## Scraped caption text data
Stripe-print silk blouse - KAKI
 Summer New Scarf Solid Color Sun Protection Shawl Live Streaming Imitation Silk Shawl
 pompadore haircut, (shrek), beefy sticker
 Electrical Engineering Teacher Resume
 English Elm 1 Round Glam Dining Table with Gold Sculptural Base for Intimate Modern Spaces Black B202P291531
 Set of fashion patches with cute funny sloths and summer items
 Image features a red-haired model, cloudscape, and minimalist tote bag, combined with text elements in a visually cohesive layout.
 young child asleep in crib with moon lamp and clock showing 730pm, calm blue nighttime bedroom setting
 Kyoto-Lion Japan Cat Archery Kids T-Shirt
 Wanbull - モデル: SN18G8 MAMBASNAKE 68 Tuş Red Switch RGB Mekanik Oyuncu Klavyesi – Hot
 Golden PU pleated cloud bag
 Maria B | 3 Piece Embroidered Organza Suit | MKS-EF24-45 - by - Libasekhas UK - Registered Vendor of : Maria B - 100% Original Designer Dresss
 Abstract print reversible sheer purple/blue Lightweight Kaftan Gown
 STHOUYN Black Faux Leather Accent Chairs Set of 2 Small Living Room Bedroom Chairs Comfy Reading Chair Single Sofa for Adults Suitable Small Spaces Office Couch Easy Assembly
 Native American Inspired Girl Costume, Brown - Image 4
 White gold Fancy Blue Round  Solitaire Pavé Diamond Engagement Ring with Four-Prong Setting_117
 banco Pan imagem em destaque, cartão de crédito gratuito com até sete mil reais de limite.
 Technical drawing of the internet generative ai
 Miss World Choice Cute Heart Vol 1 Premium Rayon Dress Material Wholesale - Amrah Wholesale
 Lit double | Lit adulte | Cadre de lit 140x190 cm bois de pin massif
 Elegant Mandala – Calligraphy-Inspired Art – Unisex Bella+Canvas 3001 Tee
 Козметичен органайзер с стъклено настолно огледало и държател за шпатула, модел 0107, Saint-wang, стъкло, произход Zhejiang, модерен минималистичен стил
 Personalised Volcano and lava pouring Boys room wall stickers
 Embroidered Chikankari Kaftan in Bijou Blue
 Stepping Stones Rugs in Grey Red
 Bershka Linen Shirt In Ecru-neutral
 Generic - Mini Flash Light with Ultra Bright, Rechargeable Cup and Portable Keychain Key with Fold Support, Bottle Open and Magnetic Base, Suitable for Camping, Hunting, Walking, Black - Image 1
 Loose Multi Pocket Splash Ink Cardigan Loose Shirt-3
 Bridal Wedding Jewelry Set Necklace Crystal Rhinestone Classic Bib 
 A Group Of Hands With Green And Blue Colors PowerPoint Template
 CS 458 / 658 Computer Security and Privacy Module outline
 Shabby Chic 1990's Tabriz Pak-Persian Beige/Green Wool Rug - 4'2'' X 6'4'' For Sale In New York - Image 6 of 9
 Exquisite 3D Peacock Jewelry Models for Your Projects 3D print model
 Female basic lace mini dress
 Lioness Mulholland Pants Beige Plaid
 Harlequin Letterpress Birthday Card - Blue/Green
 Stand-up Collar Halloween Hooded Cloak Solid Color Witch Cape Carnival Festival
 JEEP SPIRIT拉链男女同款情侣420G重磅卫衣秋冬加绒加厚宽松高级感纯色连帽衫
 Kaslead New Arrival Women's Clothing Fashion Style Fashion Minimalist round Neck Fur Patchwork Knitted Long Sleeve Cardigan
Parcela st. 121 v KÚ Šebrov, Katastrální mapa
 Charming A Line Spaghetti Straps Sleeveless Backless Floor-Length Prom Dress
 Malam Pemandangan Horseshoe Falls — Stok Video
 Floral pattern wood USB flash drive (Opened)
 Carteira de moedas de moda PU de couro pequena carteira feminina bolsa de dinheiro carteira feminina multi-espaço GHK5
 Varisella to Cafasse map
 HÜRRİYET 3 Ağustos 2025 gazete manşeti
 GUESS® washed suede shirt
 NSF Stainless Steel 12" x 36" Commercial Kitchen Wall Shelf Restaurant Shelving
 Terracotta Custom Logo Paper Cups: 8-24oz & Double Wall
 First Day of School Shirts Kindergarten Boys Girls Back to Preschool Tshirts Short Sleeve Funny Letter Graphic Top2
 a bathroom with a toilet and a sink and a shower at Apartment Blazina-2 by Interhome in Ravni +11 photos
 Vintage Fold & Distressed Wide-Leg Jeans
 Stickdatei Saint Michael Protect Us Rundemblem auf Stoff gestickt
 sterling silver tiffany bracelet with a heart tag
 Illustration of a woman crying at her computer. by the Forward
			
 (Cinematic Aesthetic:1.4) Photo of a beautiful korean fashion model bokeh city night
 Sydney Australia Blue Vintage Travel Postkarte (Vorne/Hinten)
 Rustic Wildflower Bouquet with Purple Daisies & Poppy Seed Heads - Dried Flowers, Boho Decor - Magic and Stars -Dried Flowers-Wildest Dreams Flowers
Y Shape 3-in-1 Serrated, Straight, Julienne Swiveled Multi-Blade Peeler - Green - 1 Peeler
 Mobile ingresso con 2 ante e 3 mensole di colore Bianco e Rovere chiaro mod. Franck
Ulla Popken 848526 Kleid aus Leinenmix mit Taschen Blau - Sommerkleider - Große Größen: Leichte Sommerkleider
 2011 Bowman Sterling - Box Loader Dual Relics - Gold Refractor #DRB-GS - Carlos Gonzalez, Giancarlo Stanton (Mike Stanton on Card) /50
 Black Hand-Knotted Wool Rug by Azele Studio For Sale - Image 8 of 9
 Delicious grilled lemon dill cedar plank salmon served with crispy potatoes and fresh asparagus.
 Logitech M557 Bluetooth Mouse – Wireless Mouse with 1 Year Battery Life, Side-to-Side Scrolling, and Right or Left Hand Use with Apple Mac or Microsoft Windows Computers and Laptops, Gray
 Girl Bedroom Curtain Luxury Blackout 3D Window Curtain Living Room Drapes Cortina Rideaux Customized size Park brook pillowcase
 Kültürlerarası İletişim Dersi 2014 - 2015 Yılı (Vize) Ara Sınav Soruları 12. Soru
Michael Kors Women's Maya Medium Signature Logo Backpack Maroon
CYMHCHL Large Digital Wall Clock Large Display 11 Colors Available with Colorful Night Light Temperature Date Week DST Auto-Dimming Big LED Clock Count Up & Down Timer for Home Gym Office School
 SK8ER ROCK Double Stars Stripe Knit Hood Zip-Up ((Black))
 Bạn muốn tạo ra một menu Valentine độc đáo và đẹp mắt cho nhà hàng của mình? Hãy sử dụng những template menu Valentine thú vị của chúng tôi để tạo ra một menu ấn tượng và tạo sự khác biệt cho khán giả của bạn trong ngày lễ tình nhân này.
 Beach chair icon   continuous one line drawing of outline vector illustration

## Activity
The lines to return begin at the first line of the records and end at the line holding "Kyoto-Lion Japan Cat Archery Kids T-Shirt"; please return them exactly, including both, and nothing beyond.

## Reply to the exercise
Stripe-print silk blouse - KAKI
 Summer New Scarf Solid Color Sun Protection Shawl Live Streaming Imitation Silk Shawl
 pompadore haircut, (shrek), beefy sticker
 Electrical Engineering Teacher Resume
 English Elm 1 Round Glam Dining Table with Gold Sculptural Base for Intimate Modern Spaces Black B202P291531
 Set of fashion patches with cute funny sloths and summer items
 Image features a red-haired model, cloudscape, and minimalist tote bag, combined with text elements in a visually cohesive layout.
 young child asleep in crib with moon lamp and clock showing 730pm, calm blue nighttime bedroom setting
 Kyoto-Lion Japan Cat Archery Kids T-Shirt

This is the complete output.